#### SUPPLIED MATERIAL
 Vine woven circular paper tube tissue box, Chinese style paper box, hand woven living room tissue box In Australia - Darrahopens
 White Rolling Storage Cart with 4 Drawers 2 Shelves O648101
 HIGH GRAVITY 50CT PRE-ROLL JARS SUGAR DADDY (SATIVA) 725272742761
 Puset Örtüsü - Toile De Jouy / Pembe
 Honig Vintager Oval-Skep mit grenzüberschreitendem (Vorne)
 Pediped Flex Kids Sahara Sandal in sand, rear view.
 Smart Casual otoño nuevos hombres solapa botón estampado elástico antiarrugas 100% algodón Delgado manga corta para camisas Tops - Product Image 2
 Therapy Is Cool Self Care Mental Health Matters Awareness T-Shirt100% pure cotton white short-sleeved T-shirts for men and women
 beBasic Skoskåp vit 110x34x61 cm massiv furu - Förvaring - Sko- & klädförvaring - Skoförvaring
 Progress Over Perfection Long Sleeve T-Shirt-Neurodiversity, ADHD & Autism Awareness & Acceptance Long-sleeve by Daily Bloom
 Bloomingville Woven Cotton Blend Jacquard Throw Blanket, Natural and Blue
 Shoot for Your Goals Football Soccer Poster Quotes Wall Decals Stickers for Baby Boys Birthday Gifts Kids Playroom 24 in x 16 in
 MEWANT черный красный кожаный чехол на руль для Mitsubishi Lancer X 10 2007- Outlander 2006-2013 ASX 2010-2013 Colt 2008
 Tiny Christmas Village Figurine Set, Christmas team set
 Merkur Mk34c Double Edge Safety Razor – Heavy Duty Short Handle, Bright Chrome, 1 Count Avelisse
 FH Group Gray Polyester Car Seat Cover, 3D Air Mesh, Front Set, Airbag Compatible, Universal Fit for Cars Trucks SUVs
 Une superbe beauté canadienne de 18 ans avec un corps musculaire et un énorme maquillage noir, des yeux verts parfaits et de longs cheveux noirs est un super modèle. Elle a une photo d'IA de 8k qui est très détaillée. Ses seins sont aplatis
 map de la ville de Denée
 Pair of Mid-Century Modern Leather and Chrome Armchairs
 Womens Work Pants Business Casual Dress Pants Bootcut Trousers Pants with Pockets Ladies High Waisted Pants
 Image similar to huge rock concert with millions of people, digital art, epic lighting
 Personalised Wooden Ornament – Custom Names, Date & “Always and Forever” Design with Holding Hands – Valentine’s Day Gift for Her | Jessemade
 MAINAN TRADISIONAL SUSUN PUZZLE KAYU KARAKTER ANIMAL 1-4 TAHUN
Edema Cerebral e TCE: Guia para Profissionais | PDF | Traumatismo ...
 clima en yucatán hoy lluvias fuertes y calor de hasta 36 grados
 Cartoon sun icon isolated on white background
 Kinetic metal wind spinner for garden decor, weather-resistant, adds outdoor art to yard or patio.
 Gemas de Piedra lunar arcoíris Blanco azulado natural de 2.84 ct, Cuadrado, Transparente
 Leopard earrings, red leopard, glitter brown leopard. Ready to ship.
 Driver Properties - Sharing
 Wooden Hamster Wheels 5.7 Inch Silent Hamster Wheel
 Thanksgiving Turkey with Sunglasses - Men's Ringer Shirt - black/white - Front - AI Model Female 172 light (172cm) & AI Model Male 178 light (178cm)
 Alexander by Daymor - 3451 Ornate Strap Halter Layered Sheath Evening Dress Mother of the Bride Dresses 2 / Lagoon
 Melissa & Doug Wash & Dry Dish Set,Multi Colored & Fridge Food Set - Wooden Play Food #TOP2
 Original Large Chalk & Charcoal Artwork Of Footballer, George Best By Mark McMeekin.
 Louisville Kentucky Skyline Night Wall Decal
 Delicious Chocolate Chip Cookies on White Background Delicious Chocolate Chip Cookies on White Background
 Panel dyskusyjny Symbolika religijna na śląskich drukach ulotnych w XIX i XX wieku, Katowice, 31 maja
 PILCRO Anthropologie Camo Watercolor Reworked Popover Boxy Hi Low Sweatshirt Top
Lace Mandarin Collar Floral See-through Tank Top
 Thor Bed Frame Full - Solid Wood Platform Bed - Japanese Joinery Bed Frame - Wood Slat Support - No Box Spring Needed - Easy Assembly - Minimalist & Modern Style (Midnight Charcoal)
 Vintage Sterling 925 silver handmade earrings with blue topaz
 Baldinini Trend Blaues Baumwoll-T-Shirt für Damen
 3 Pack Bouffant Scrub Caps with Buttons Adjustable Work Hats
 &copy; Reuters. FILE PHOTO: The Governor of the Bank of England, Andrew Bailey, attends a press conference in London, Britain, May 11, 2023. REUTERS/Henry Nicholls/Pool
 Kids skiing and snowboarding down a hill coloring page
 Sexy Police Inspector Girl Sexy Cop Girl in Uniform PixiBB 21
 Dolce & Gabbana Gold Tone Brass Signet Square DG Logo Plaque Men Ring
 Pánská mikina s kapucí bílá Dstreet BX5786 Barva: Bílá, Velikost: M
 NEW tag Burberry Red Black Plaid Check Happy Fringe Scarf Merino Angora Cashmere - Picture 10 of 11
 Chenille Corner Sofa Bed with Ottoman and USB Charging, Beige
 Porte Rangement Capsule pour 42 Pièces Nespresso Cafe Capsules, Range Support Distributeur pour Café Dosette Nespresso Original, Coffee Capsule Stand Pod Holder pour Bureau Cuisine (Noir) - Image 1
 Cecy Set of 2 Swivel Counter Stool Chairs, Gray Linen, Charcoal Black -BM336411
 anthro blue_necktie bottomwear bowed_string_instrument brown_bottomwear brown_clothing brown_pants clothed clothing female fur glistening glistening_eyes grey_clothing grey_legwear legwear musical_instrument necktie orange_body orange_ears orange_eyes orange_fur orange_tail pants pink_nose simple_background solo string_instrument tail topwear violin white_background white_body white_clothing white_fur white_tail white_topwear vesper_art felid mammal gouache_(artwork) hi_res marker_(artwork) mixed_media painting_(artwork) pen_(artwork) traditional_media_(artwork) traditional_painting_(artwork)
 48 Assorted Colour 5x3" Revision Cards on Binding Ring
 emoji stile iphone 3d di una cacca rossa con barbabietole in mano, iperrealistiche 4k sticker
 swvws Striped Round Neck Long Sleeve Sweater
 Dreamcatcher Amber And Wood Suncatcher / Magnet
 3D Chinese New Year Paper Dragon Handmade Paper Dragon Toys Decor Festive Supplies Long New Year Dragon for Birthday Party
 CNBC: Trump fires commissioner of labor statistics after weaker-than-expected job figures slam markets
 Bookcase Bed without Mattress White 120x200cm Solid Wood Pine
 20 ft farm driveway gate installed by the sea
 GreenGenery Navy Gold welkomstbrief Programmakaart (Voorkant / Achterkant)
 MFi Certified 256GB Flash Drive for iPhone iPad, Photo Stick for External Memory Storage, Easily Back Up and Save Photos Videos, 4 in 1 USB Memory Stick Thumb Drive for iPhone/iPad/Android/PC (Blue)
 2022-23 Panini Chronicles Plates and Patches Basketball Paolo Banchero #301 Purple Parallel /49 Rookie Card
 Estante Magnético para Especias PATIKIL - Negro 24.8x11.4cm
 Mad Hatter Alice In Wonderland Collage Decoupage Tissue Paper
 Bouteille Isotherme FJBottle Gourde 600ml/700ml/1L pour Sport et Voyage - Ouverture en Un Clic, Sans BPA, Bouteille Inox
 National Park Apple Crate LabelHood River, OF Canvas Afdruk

#### TASK GOAL
The answer should reproduce all of the data without any alteration.

#### EXERCISE SOLUTION
 Vine woven circular paper tube tissue box, Chinese style paper box, hand woven living room tissue box In Australia - Darrahopens
 White Rolling Storage Cart with 4 Drawers 2 Shelves O648101
 HIGH GRAVITY 50CT PRE-ROLL JARS SUGAR DADDY (SATIVA) 725272742761
 Puset Örtüsü - Toile De Jouy / Pembe
 Honig Vintager Oval-Skep mit grenzüberschreitendem (Vorne)
 Pediped Flex Kids Sahara Sandal in sand, rear view.
 Smart Casual otoño nuevos hombres solapa botón estampado elástico antiarrugas 100% algodón Delgado manga corta para camisas Tops - Product Image 2
 Therapy Is Cool Self Care Mental Health Matters Awareness T-Shirt100% pure cotton white short-sleeved T-shirts for men and women
 beBasic Skoskåp vit 110x34x61 cm massiv furu - Förvaring - Sko- & klädförvaring - Skoförvaring
 Progress Over Perfection Long Sleeve T-Shirt-Neurodiversity, ADHD & Autism Awareness & Acceptance Long-sleeve by Daily Bloom
 Bloomingville Woven Cotton Blend Jacquard Throw Blanket, Natural and Blue
 Shoot for Your Goals Football Soccer Poster Quotes Wall Decals Stickers for Baby Boys Birthday Gifts Kids Playroom 24 in x 16 in
 MEWANT черный красный кожаный чехол на руль для Mitsubishi Lancer X 10 2007- Outlander 2006-2013 ASX 2010-2013 Colt 2008
 Tiny Christmas Village Figurine Set, Christmas team set
 Merkur Mk34c Double Edge Safety Razor – Heavy Duty Short Handle, Bright Chrome, 1 Count Avelisse
 FH Group Gray Polyester Car Seat Cover, 3D Air Mesh, Front Set, Airbag Compatible, Universal Fit for Cars Trucks SUVs
 Une superbe beauté canadienne de 18 ans avec un corps musculaire et un énorme maquillage noir, des yeux verts parfaits et de longs cheveux noirs est un super modèle. Elle a une photo d'IA de 8k qui est très détaillée. Ses seins sont aplatis
 map de la ville de Denée
 Pair of Mid-Century Modern Leather and Chrome Armchairs
 Womens Work Pants Business Casual Dress Pants Bootcut Trousers Pants with Pockets Ladies High Waisted Pants
 Image similar to huge rock concert with millions of people, digital art, epic lighting
 Personalised Wooden Ornament – Custom Names, Date & “Always and Forever” Design with Holding Hands – Valentine’s Day Gift for Her | Jessemade
 MAINAN TRADISIONAL SUSUN PUZZLE KAYU KARAKTER ANIMAL 1-4 TAHUN
Edema Cerebral e TCE: Guia para Profissionais | PDF | Traumatismo ...
 clima en yucatán hoy lluvias fuertes y calor de hasta 36 grados
 Cartoon sun icon isolated on white background
 Kinetic metal wind spinner for garden decor, weather-resistant, adds outdoor art to yard or patio.
 Gemas de Piedra lunar arcoíris Blanco azulado natural de 2.84 ct, Cuadrado, Transparente
 Leopard earrings, red leopard, glitter brown leopard. Ready to ship.
 Driver Properties - Sharing
 Wooden Hamster Wheels 5.7 Inch Silent Hamster Wheel
 Thanksgiving Turkey with Sunglasses - Men's Ringer Shirt - black/white - Front - AI Model Female 172 light (172cm) & AI Model Male 178 light (178cm)
 Alexander by Daymor - 3451 Ornate Strap Halter Layered Sheath Evening Dress Mother of the Bride Dresses 2 / Lagoon
 Melissa & Doug Wash & Dry Dish Set,Multi Colored & Fridge Food Set - Wooden Play Food #TOP2
 Original Large Chalk & Charcoal Artwork Of Footballer, George Best By Mark McMeekin.
 Louisville Kentucky Skyline Night Wall Decal
 Delicious Chocolate Chip Cookies on White Background Delicious Chocolate Chip Cookies on White Background
 Panel dyskusyjny Symbolika religijna na śląskich drukach ulotnych w XIX i XX wieku, Katowice, 31 maja
 PILCRO Anthropologie Camo Watercolor Reworked Popover Boxy Hi Low Sweatshirt Top
Lace Mandarin Collar Floral See-through Tank Top
 Thor Bed Frame Full - Solid Wood Platform Bed - Japanese Joinery Bed Frame - Wood Slat Support - No Box Spring Needed - Easy Assembly - Minimalist & Modern Style (Midnight Charcoal)
 Vintage Sterling 925 silver handmade earrings with blue topaz
 Baldinini Trend Blaues Baumwoll-T-Shirt für Damen
 3 Pack Bouffant Scrub Caps with Buttons Adjustable Work Hats
 &copy; Reuters. FILE PHOTO: The Governor of the Bank of England, Andrew Bailey, attends a press conference in London, Britain, May 11, 2023. REUTERS/Henry Nicholls/Pool
 Kids skiing and snowboarding down a hill coloring page
 Sexy Police Inspector Girl Sexy Cop Girl in Uniform PixiBB 21
 Dolce & Gabbana Gold Tone Brass Signet Square DG Logo Plaque Men Ring
 Pánská mikina s kapucí bílá Dstreet BX5786 Barva: Bílá, Velikost: M
 NEW tag Burberry Red Black Plaid Check Happy Fringe Scarf Merino Angora Cashmere - Picture 10 of 11
 Chenille Corner Sofa Bed with Ottoman and USB Charging, Beige
 Porte Rangement Capsule pour 42 Pièces Nespresso Cafe Capsules, Range Support Distributeur pour Café Dosette Nespresso Original, Coffee Capsule Stand Pod Holder pour Bureau Cuisine (Noir) - Image 1
 Cecy Set of 2 Swivel Counter Stool Chairs, Gray Linen, Charcoal Black -BM336411
 anthro blue_necktie bottomwear bowed_string_instrument brown_bottomwear brown_clothing brown_pants clothed clothing female fur glistening glistening_eyes grey_clothing grey_legwear legwear musical_instrument necktie orange_body orange_ears orange_eyes orange_fur orange_tail pants pink_nose simple_background solo string_instrument tail topwear violin white_background white_body white_clothing white_fur white_tail white_topwear vesper_art felid mammal gouache_(artwork) hi_res marker_(artwork) mixed_media painting_(artwork) pen_(artwork) traditional_media_(artwork) traditional_painting_(artwork)
 48 Assorted Colour 5x3" Revision Cards on Binding Ring
 emoji stile iphone 3d di una cacca rossa con barbabietole in mano, iperrealistiche 4k sticker
 swvws Striped Round Neck Long Sleeve Sweater
 Dreamcatcher Amber And Wood Suncatcher / Magnet
 3D Chinese New Year Paper Dragon Handmade Paper Dragon Toys Decor Festive Supplies Long New Year Dragon for Birthday Party
 CNBC: Trump fires commissioner of labor statistics after weaker-than-expected job figures slam markets
 Bookcase Bed without Mattress White 120x200cm Solid Wood Pine
 20 ft farm driveway gate installed by the sea
 GreenGenery Navy Gold welkomstbrief Programmakaart (Voorkant / Achterkant)
 MFi Certified 256GB Flash Drive for iPhone iPad, Photo Stick for External Memory Storage, Easily Back Up and Save Photos Videos, 4 in 1 USB Memory Stick Thumb Drive for iPhone/iPad/Android/PC (Blue)
 2022-23 Panini Chronicles Plates and Patches Basketball Paolo Banchero #301 Purple Parallel /49 Rookie Card
 Estante Magnético para Especias PATIKIL - Negro 24.8x11.4cm
 Mad Hatter Alice In Wonderland Collage Decoupage Tissue Paper
 Bouteille Isotherme FJBottle Gourde 600ml/700ml/1L pour Sport et Voyage - Ouverture en Un Clic, Sans BPA, Bouteille Inox
 National Park Apple Crate LabelHood River, OF Canvas Afdruk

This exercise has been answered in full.